Taksim’s lack of religious connotations was “probably one of the reasons that it was favored by the republic as a modern urban space,” Fortna said. The plan to build a mosque in Taksim was therefore “highly controversial and something that those with a secular orientation in the city and the country itself would resist,” he said. “The other side would see it as a natural place to have a mosque.”
The term “secular” – most often understood in the West as referring to the separation of religion and government – was often applied to Turkey, Fortna said. “But in Turkey itself they use the French term ‘laïque.’ In Turkey you really have the situation that’s related to the founding of the republic - that the state will kind of control religion,” Fortna said. “So, for example, the Directorate of Religious Affairs is responsible for deciding the text that Muslim clerics can deliver in their Friday sermons. “
Kalaycioglu said the government also planned to demolish the Ataturk Cultural Center.
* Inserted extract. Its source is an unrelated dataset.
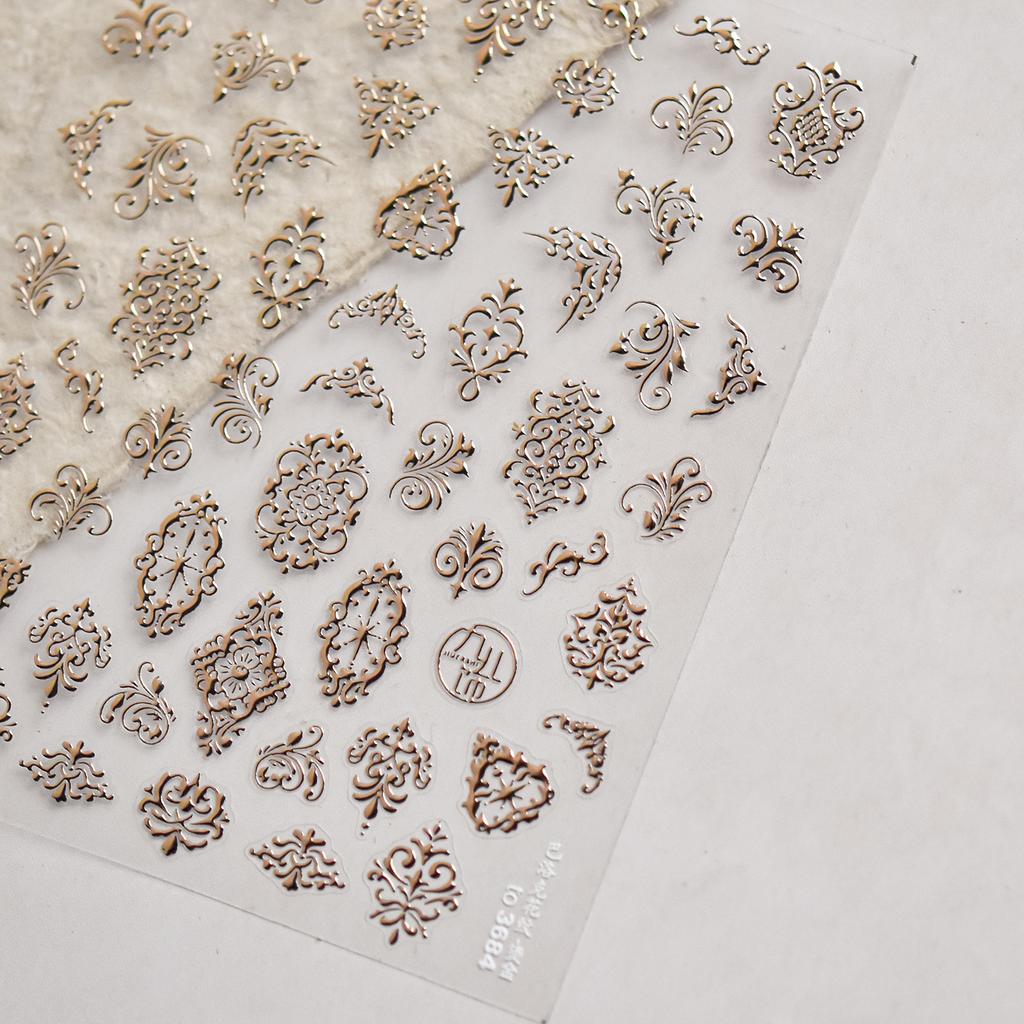 Baroque Pattern Stamping Geometric Totem Flower Retro Star Noble Self Adhesive 5D Nail Art Decoration Sticker Manicure Decal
They [Erdogan’s government] want to get rid of anything and everything to do with Ataturk,” he said. Kalaycioglu suggested that another example of this was the government’s proposal to close down Ataturk Airport – Istanbul’s main international hub – and build a new airport in the north. He said this would involve excavating a new channel between the Black Sea and the Sea of Marmara. “All this to get rid of the name of Ataturk. There’s a lot of ideological baggage.”
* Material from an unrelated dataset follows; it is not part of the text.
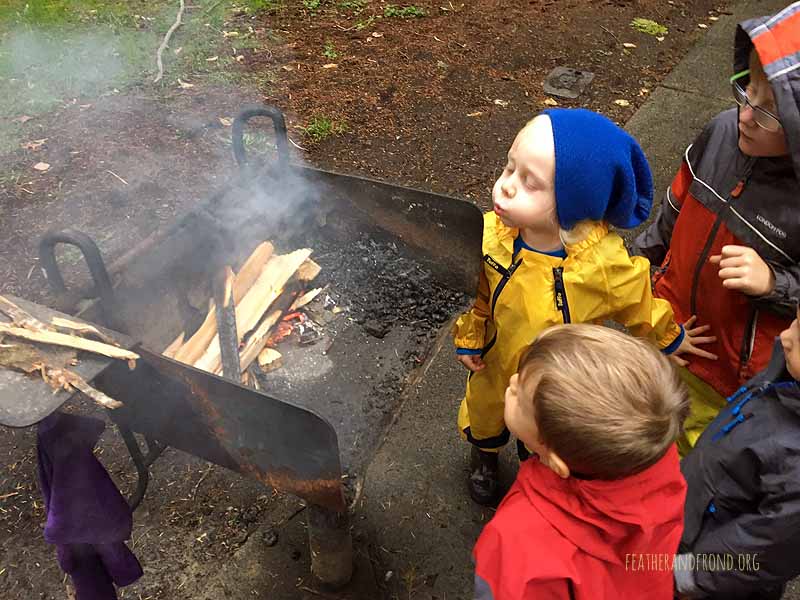 Using "dragon breath" to get the fire going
Fortna said Taksim had long being a contested space and plans to change it would always be likely to cause controversy. “Because it’s such a central location and because of its particular make-up and associations – whatever happens there will probably be heavily scrutinized and criticized,” he said.
“Taksim is a place where demonstrators habitually gather. There’s always a May Day protest for example. It’s a place where people would naturally gravitate – it’s one of the few places where there’s a fairly large open space in the city,” he said.
The current demonstrators have demanded Erdogan’s resignation, accusing his government of creeping authoritarianism, while the prime minister has said the protests are part of an attempt by opponents who lost to his AK Party to beat it “by other means.” “The issue of trees in Gezi Park thing is just the trigger,” he said on Monday.
Kalaycioglu said the number of protesters had surged after evidence emerged of a brutal police response to the initial Taksim demonstration. He said the government had “started to argue that it was just a group of marauders” but that a huge majority seemed to be ordinary citizens, from all ages and walks of life and the government had eventually realized this and pulled the police out of the scene.
In his interview with Amanpour, Cavusoglu – Erdogan’s deputy – acknowledged that police had been heavy-handed and said their actions would be investigated but insisted that the government represented the Turkish people. “At each election the people have been increasing their support for our government and our prime minister,” he said. “We are the democratic government and democratically elected parliament.”
But Kalaycioglu said the protests had spread spontaneously through Turkey, “motivated by the same theme.” The government was “jumping on freedom of expression and freedom of the press,” he said. “The big issue there is, is of course freedom of expression and to be treated as stakeholders – not as cockroaches. More is at stake than just Taksim Square.”